EXERCISE OBJECTIVE
Your answer should be the lines below from the one holding "cumpără Fier de" through the one holding "Honda Civic vaihtoauto", copied exactly and with nothing else.

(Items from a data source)
○ ○ ○ ○ ○

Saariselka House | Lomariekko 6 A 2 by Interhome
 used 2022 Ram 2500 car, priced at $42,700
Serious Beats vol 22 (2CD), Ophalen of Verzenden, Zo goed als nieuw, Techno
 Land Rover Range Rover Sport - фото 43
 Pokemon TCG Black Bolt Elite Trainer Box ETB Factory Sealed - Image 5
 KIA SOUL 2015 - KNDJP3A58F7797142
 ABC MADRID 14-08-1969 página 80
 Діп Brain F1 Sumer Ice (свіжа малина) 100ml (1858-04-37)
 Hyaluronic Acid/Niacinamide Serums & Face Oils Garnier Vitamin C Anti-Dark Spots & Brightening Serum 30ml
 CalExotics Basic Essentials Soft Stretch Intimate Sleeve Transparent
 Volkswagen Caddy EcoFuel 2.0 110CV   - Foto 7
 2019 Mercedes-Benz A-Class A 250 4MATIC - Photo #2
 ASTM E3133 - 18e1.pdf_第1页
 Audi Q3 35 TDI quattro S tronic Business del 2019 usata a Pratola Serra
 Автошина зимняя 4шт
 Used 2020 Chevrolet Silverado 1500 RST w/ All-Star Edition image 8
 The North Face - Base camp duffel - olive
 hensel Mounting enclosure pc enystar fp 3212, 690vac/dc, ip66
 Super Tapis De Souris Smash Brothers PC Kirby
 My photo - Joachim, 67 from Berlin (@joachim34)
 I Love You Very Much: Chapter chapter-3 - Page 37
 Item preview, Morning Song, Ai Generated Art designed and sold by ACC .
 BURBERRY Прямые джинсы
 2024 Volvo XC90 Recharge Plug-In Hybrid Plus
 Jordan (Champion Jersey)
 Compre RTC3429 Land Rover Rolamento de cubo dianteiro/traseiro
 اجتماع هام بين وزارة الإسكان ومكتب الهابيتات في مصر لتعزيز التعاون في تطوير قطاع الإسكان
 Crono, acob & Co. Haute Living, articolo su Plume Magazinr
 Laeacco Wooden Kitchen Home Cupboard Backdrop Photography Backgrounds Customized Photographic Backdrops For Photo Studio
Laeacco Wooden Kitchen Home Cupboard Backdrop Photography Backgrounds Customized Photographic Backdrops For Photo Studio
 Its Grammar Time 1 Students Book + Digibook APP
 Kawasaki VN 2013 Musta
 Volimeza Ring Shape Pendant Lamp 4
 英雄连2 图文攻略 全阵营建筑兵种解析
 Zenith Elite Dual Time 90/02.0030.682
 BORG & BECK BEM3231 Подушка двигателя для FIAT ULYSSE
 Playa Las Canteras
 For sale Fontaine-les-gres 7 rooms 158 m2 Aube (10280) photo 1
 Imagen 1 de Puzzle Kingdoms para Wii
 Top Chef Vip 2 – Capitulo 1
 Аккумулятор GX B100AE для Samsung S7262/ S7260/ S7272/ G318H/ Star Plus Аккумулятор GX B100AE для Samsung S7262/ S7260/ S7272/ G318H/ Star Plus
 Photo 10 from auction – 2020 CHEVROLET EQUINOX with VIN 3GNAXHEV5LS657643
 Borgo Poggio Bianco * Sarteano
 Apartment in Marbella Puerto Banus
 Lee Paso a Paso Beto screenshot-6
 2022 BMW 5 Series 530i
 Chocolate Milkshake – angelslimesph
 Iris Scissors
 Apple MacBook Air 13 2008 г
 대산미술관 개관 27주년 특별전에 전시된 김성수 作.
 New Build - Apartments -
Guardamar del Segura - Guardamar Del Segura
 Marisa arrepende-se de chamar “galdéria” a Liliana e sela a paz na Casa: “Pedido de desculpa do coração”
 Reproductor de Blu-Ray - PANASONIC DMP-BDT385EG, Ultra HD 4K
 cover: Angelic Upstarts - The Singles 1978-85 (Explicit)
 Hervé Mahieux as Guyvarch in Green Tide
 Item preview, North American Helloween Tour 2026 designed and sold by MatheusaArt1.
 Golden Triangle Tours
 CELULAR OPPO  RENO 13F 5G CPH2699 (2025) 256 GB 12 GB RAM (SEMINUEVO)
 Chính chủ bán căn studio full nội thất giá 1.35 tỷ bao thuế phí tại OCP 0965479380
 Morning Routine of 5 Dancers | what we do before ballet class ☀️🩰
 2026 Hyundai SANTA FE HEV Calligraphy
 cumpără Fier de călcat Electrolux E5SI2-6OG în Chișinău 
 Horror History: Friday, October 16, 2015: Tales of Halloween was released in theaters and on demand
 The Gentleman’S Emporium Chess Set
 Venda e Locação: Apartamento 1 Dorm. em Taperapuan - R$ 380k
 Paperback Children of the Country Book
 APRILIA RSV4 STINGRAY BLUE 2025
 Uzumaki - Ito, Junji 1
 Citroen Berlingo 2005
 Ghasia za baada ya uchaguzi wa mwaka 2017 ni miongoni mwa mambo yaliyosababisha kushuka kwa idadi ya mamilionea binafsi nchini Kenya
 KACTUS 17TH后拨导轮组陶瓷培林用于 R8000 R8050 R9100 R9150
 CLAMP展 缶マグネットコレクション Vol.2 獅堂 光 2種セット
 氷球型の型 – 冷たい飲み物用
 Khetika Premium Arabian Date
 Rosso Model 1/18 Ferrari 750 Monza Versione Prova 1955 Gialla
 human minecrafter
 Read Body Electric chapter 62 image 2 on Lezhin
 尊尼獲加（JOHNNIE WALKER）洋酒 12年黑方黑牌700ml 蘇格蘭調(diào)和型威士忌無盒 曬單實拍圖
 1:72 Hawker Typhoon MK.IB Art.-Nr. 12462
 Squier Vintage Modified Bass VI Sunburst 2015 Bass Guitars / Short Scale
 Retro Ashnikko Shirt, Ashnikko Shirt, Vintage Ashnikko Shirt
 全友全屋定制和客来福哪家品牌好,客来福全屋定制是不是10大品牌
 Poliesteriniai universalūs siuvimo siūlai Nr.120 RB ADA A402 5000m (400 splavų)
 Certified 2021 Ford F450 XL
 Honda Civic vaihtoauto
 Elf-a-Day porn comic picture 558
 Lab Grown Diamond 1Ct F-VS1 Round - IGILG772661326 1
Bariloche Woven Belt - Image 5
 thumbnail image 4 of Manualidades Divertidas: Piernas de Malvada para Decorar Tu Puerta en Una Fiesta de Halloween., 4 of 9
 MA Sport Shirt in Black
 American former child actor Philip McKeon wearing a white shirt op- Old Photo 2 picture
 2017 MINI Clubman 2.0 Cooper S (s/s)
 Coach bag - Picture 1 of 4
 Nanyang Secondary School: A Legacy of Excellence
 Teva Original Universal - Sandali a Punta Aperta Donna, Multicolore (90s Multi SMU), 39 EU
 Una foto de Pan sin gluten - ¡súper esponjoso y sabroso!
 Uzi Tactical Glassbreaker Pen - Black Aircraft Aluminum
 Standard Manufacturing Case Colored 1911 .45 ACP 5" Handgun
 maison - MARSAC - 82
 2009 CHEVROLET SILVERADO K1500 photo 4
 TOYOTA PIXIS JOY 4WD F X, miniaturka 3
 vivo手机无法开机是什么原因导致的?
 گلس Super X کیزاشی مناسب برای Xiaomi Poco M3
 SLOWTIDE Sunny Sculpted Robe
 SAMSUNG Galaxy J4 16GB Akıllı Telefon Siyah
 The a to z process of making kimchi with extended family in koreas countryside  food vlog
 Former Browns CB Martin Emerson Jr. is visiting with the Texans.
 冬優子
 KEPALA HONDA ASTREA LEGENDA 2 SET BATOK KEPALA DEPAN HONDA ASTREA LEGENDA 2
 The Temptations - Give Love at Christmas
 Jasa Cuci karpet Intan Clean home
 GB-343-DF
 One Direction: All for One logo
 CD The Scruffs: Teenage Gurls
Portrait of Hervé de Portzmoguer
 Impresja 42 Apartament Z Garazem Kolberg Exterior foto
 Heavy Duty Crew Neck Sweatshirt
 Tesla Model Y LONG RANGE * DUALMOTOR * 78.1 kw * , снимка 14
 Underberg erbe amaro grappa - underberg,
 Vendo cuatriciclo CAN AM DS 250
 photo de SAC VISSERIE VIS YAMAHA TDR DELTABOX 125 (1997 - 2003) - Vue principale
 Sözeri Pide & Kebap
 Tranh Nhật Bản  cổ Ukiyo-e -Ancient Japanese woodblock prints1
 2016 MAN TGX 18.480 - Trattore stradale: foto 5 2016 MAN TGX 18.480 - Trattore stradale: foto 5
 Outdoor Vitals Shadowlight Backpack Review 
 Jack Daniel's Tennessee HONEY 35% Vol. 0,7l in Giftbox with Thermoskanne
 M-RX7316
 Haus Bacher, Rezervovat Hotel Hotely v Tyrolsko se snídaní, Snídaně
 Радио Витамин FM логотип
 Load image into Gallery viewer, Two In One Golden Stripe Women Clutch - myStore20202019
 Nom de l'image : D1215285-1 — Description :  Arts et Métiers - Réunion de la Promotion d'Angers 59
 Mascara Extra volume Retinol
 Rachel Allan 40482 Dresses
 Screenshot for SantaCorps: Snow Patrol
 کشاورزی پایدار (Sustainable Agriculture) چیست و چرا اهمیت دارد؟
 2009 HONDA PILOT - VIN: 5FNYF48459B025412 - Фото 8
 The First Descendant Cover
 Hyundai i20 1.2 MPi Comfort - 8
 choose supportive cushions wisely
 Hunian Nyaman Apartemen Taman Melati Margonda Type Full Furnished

○ ○ ○ ○ ○

TASK RESPONSE
 cumpără Fier de călcat Electrolux E5SI2-6OG în Chișinău 
 Horror History: Friday, October 16, 2015: Tales of Halloween was released in theaters and on demand
 The Gentleman’S Emporium Chess Set
 Venda e Locação: Apartamento 1 Dorm. em Taperapuan - R$ 380k
 Paperback Children of the Country Book
 APRILIA RSV4 STINGRAY BLUE 2025
 Uzumaki - Ito, Junji 1
 Citroen Berlingo 2005
 Ghasia za baada ya uchaguzi wa mwaka 2017 ni miongoni mwa mambo yaliyosababisha kushuka kwa idadi ya mamilionea binafsi nchini Kenya
 KACTUS 17TH后拨导轮组陶瓷培林用于 R8000 R8050 R9100 R9150
 CLAMP展 缶マグネットコレクション Vol.2 獅堂 光 2種セット
 氷球型の型 – 冷たい飲み物用
 Khetika Premium Arabian Date
 Rosso Model 1/18 Ferrari 750 Monza Versione Prova 1955 Gialla
 human minecrafter
 Read Body Electric chapter 62 image 2 on Lezhin
 尊尼獲加（JOHNNIE WALKER）洋酒 12年黑方黑牌700ml 蘇格蘭調(diào)和型威士忌無盒 曬單實拍圖
 1:72 Hawker Typhoon MK.IB Art.-Nr. 12462
 Squier Vintage Modified Bass VI Sunburst 2015 Bass Guitars / Short Scale
 Retro Ashnikko Shirt, Ashnikko Shirt, Vintage Ashnikko Shirt
 全友全屋定制和客来福哪家品牌好,客来福全屋定制是不是10大品牌
 Poliesteriniai universalūs siuvimo siūlai Nr.120 RB ADA A402 5000m (400 splavų)
 Certified 2021 Ford F450 XL
 Honda Civic vaihtoauto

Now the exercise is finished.